Опубликовано в журнале Знамя, номер 4, 2002
Холист из бронзового века
Слава Лён. Могила Бродского. — М.: Весы, 2001. — 378 с.
Любимый смогист Эдуарда Лимонова, кажется, единственный, кто не удостоился от литературного нацхулигана (тоже теперь пострадавшего) ни одного дурного слова, написал свою поэтическую “Книгу мертвых”, энциклопедию российского, осложненного и ненормативного, умирания в рифму. Сделал он это, в отличие от прозаика, не всегда оживленным, то полупроводниковым, то полупротезным языком. Вероятно, таковым, под стать теме, и должен быть язык итогового поэтического энциклопедизма или, как называет свою поэтическую школу сам Слава Лён, ре-цептуализма. Тем более что в любой момент язык этот может встряхнуть ненормативная шоковая терапия как парадоксальная стратегия конечной нормализации.

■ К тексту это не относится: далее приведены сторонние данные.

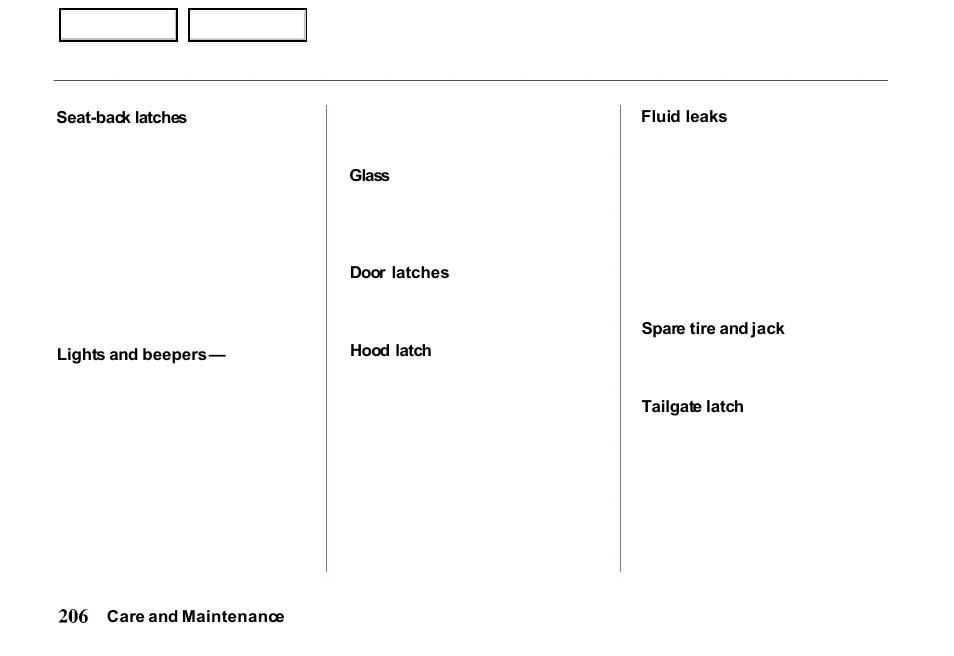 HONDA 2000 Passport - Owner's Manual User Manual | Page 209 / 267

Как-то апробировать в сознании этот авторский термин — ре-цептуализм — помог выставленный сразу на двух выставках шелкографический коллаж “бумажного архитектора” Юрия Аввакумова “Рабочий и колхозница”. Известная скульптура Мухиной “пересказывается” там языком конструктивизма, вписываясь в проект не менее известной “Башни” Татлина. Вот и сквозь рифму армад-Арманд в стихотворении Лёна “Одесса-мама и Жуков Колорадский” просматривается рифмовка Ильей-Карлом Сельвинским имени Лиза Лютце с революцией (при том, что сам Лён в “Памяти вымирающего братства смогистов” включил четверостишье Александра Величанского: “Она не носит лифчика / Для крепости телес, / Об этом знают и в ЧК, / И в ВЦСПС”).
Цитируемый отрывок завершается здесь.